Летом Светланка уехала на два месяца в далекую деревню к родственникам каким-то. Я тосковал. Дико! Места себе не находил. Выкидывал фортеля: то окно мячом разобью у соседей, то в чужой малинник заберусь и заловлюсь, то выстрелю камешком из рогатки прямо в лоб самому горластому на всей улице пацану…
Добром это, понятно, кончиться не могло.
Как-то с дружками собрался купаться на Бухтарму (без спросу, разумеется), а до реки от городка нашего больше часа ходьбы. Причем полпути — в гору. А по жаре и под гору телепаться не сладко. Преодолев две трети ставшего постылым расстояния, мы остановились передохнуть у ключа, носящего крайне неблагозвучное имя «Конский корень» (не корень, конечно, куда ядреней), и всего лишь за то он был так заковыристо назван, что хлестала вода из патрубка длиной в локоть. Чистая, вкусная, зуболомная… Не зря сюда, в межгорную низинку, часто сворачивают с шоссе и шоферы, и путники.
Напившись так, что в животах забулькало, мы упали в тени под ивами. Конопатый Серега, старший из нас, угостил меня тоненькой папироской «Байкал» — никому другому не дал, хотя просили, а меня уважил. Он задымил умело, щуря рыжеватые глаза от солнца, все-таки бьющего сквозь узкую листву, а я чуть было не закашлялся, хотя закуривал уже не впервой.
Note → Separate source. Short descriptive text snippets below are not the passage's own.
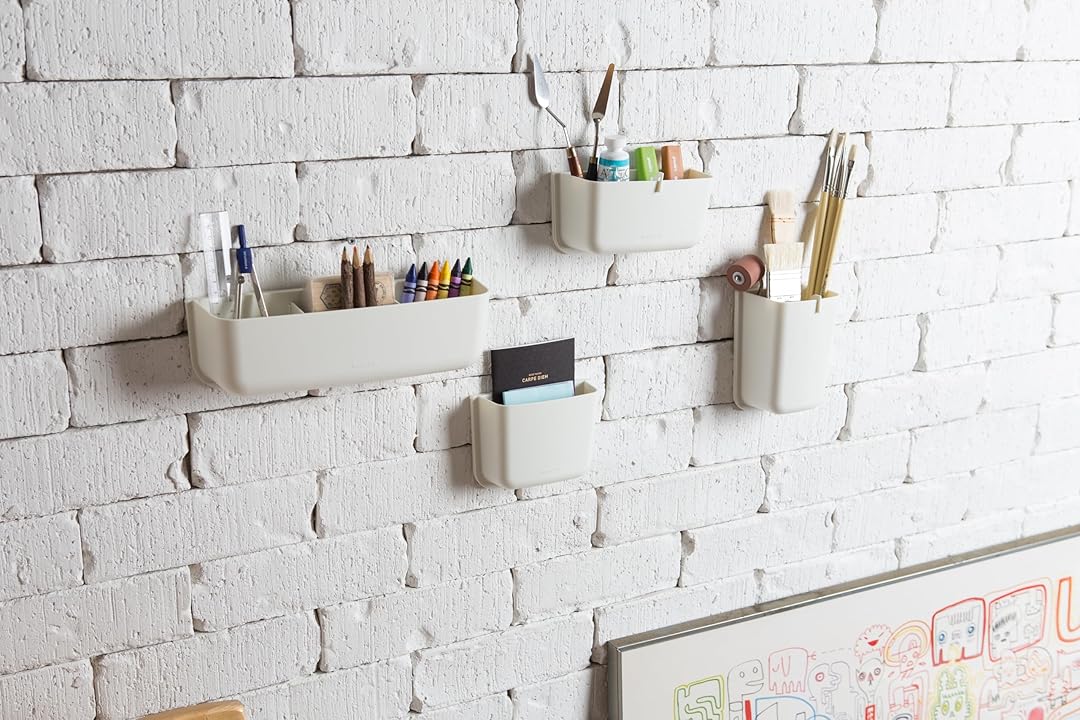 Litem Myroom Wall Mounted - Ivory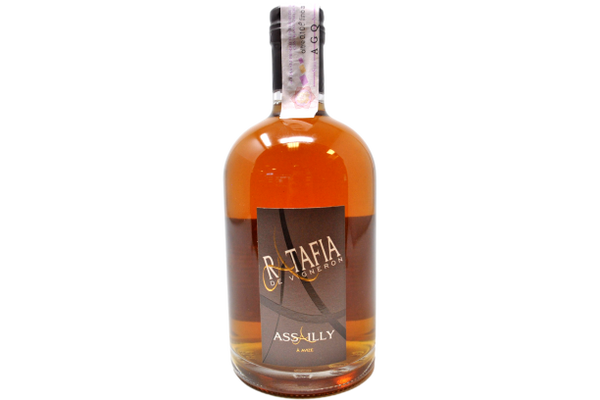 RATAFIA' 100% CHARDONNAY SOLERA 0,50 L - ASSAILLY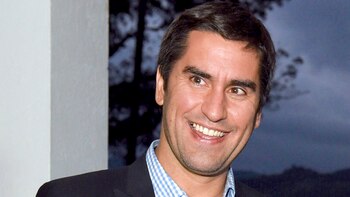 El presidente de la Cámara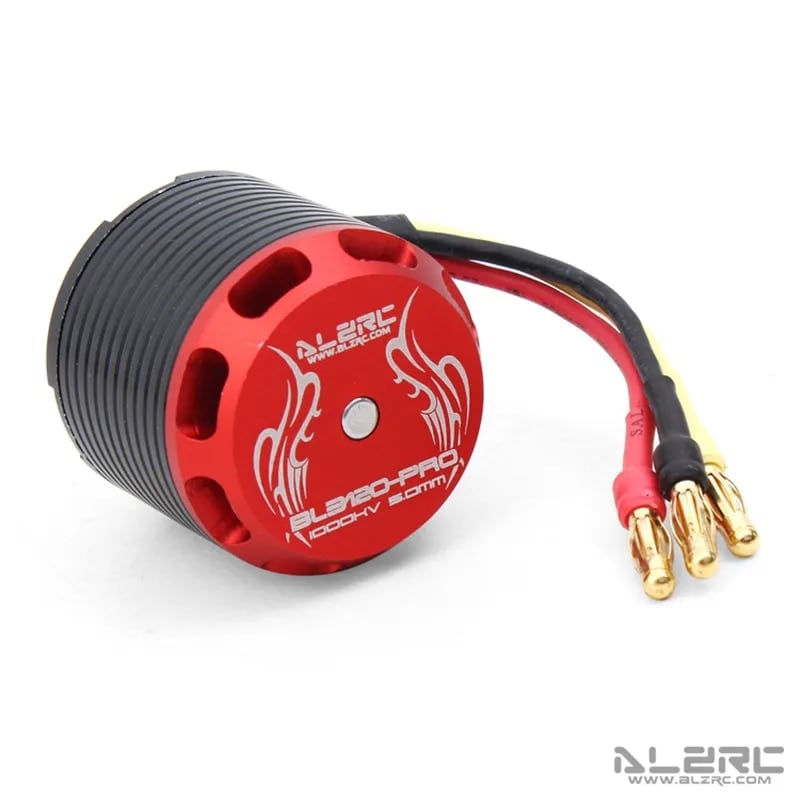 ブラシレスモーター ALZRC - ブラシレス モーター - 3120-PRO 1000KV SAB 380 420 に適合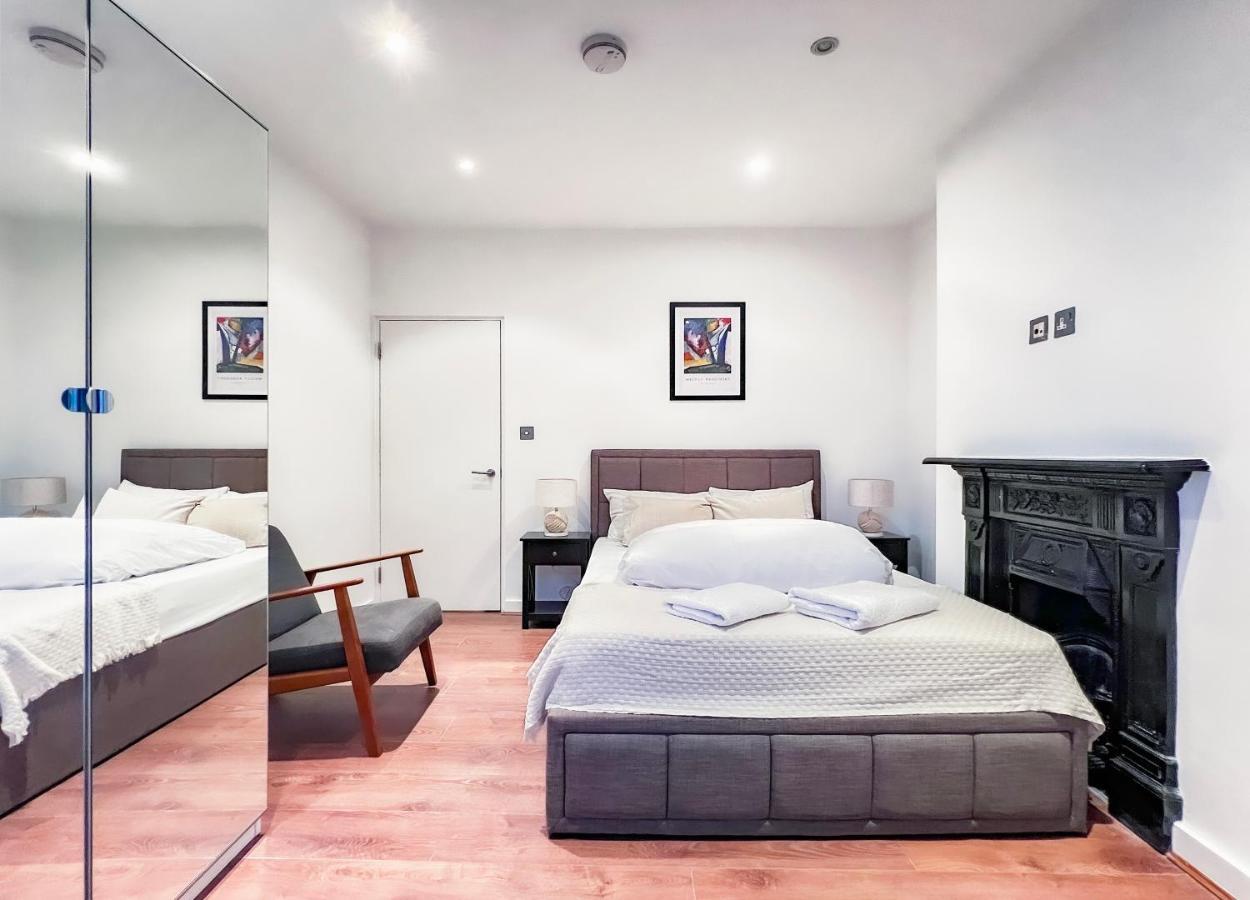 Prime Location Camden Luxury Apt Sleeps 6 ロンドン エクステリア 写真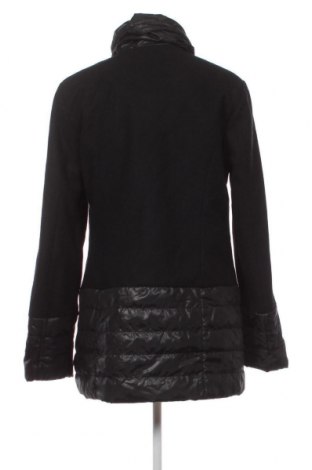 Дамско палто Laura Torelli, Размер M, Цвят Черен, Цена 53,50 лв.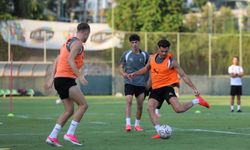 Alanyaspor’da Beşiktaş mesaisi başladı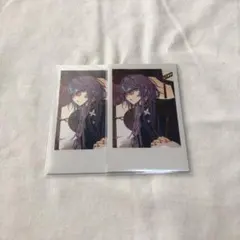 Dytica 2nd Anniversary チェキ風カード 星導ショウ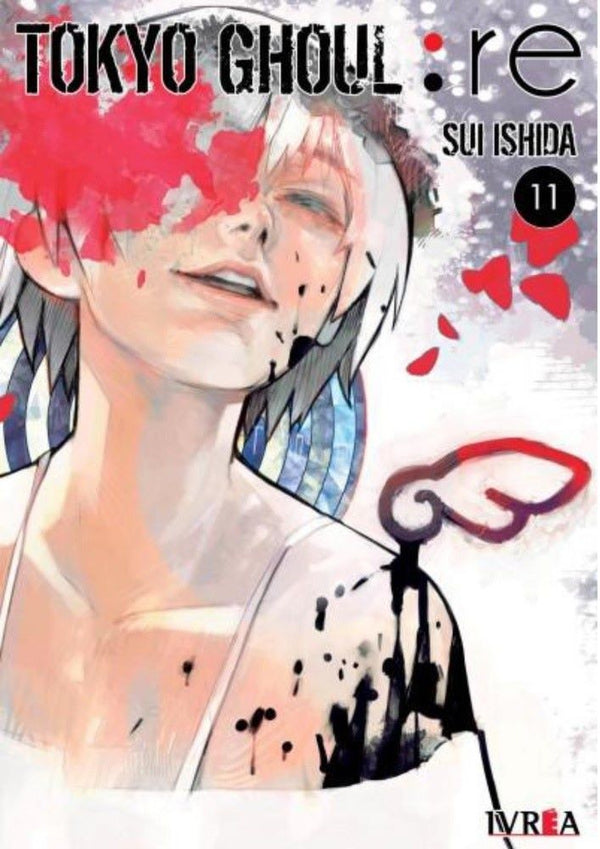 TOKYO GHOUL: RE 11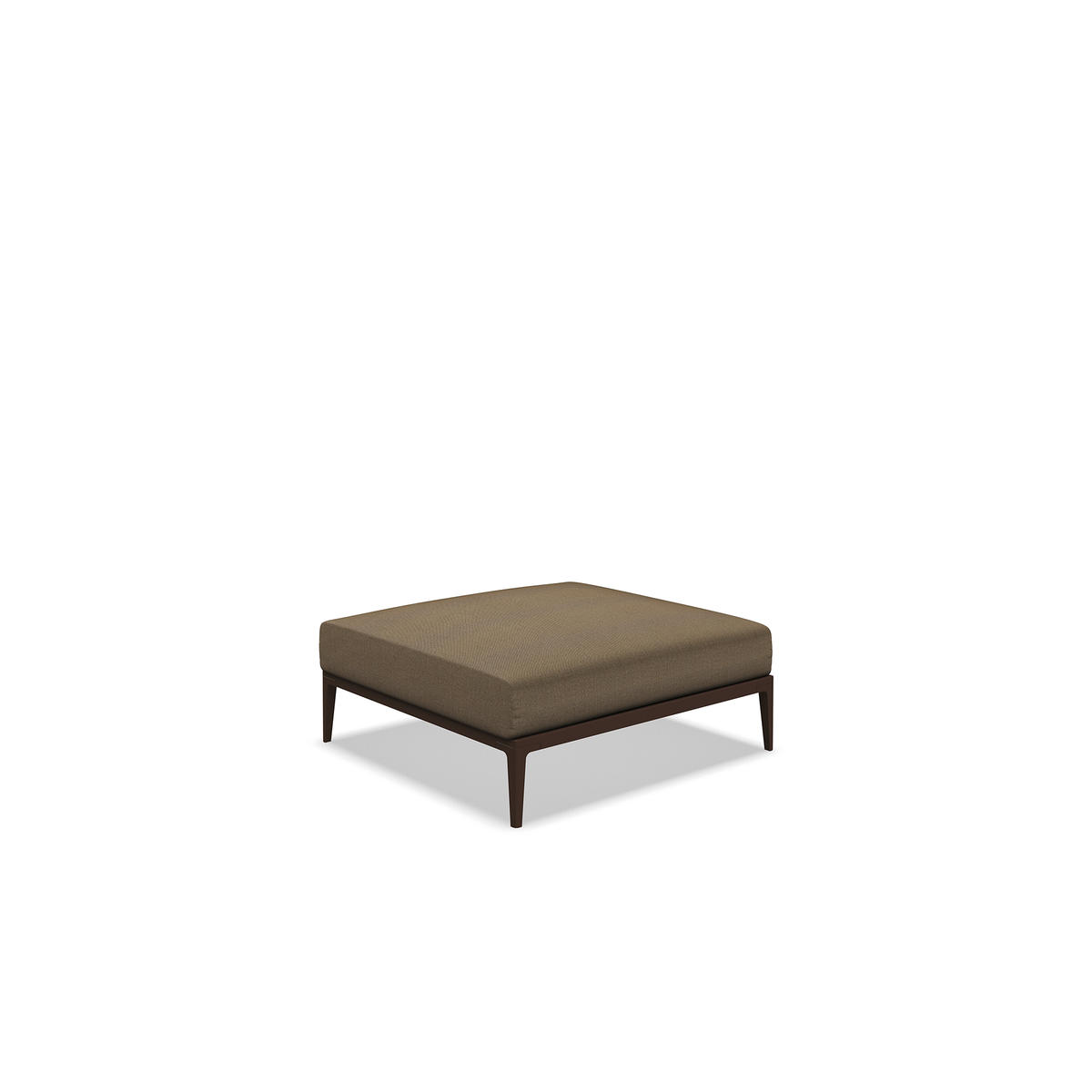 Grid Ottoman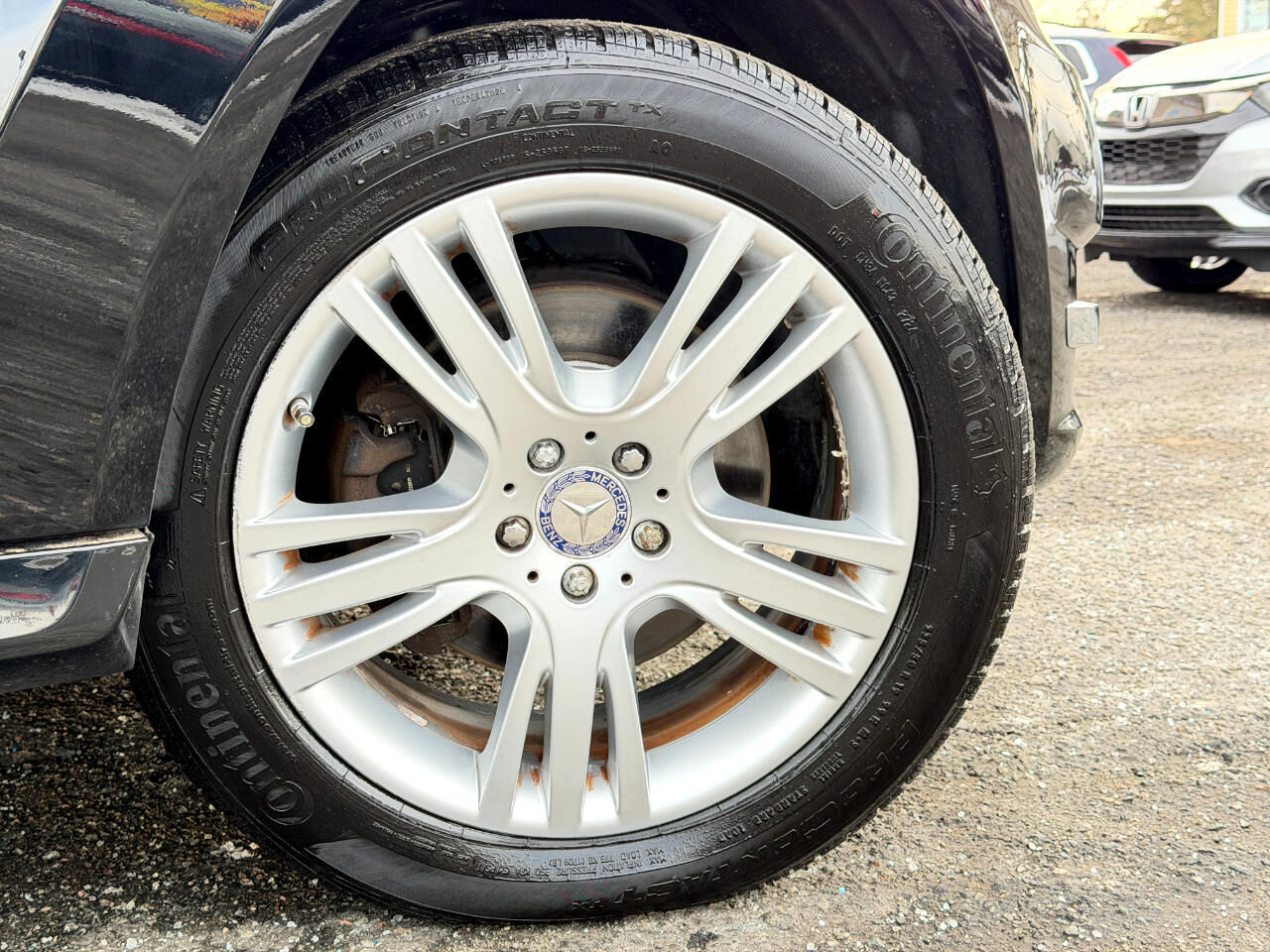 Mercedes-Benz GLK-Class GLK350 4MATIC 2014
К роднику подфырчал бортовой «газон», вышел немолодой уже шофер, сперва, фыркая, как его машина, умылся, потом напился вволю и закурил, на траву присел, изредка на нас с Серегой, дымящих, неодобрительно поглядывая. Но приставать к нам не стал. А что? Он дымит, мы дымим. Отдыхаем. Мужики!..
Но едва шофер дверцу кабины за собой захлопнул, Серега, лежавший было спокойно, метнулся к машине, одним махом впорхнул в кузов с заднего борта и весело помахал нам рукой. На Бухтарме он будет куда раньше нас, до одури накупается, пока мы доберемся…
Зависть обуяла меня. И себя показать захотелось. Понятно, что таким же макаром забрался я вскоре в следующую бортовушку.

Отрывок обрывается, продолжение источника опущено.